How to show that cycles of even degree are odd permutations?

How to show that cycles of even degree are odd permutations? What I understand is that cycles are actually referring to cyclic groups (if not, please correct me). So we have some cyclic group $\langle g \rangle$ such that $|\langle g \rangle | = n\;mod\;2 = 0$. If given a set $\Omega$ with $g\in G\in Sym(\Omega)$, show that $\langle g \rangle$ can be written as a product of an odd number of transpositions.

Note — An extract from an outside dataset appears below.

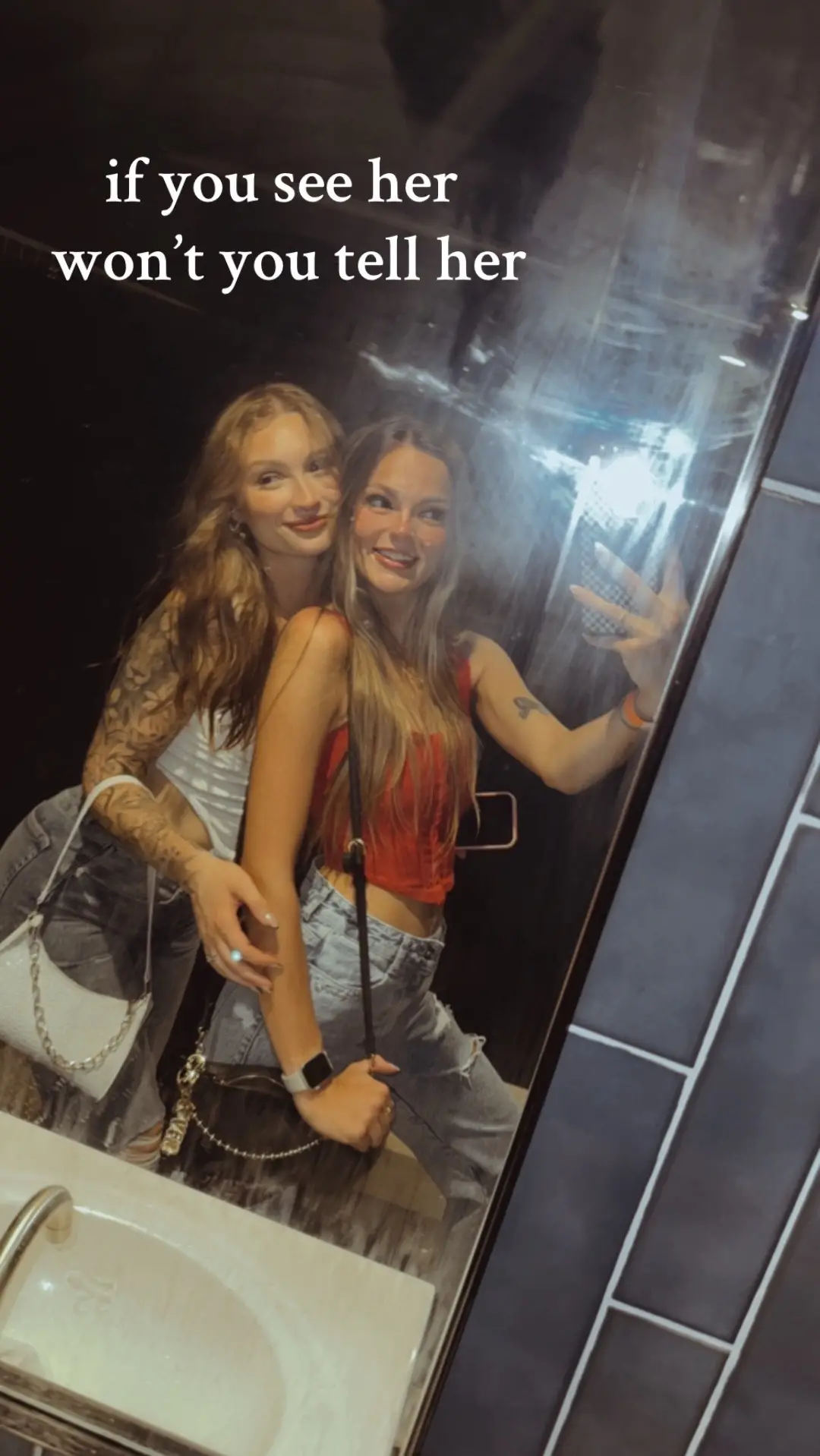 🤞🏼🌎⭐️🩵🔐 @k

• How about we say cycles of even length rather than even "degree"? This accords with terminology for permutations. – hardmath Oct 1 '15 at 0:55
• @hardmath, be my guest, but I just used the exact terminology from my book. – bourbaki4481472 Oct 1 '15 at 0:59
• Fair enough, but I'm wondering why you do not rely on the definition your book uses for a cycle permutation and the classification of cycles as even or odd degree? – hardmath Oct 1 '15 at 1:06
• @hardmath, because this is from an introduction section of a short book so the author didn't go through all the definitions carefully. – bourbaki4481472 Oct 1 '15 at 2:34

$(1\ 2\ \dots n) = (1\ n)(1\ n-1)\cdots(1\ 2)$
This shows an $n$-cycle can be written as (a product of) $n-1$ transpositions (just replace $k$ with $a_k$).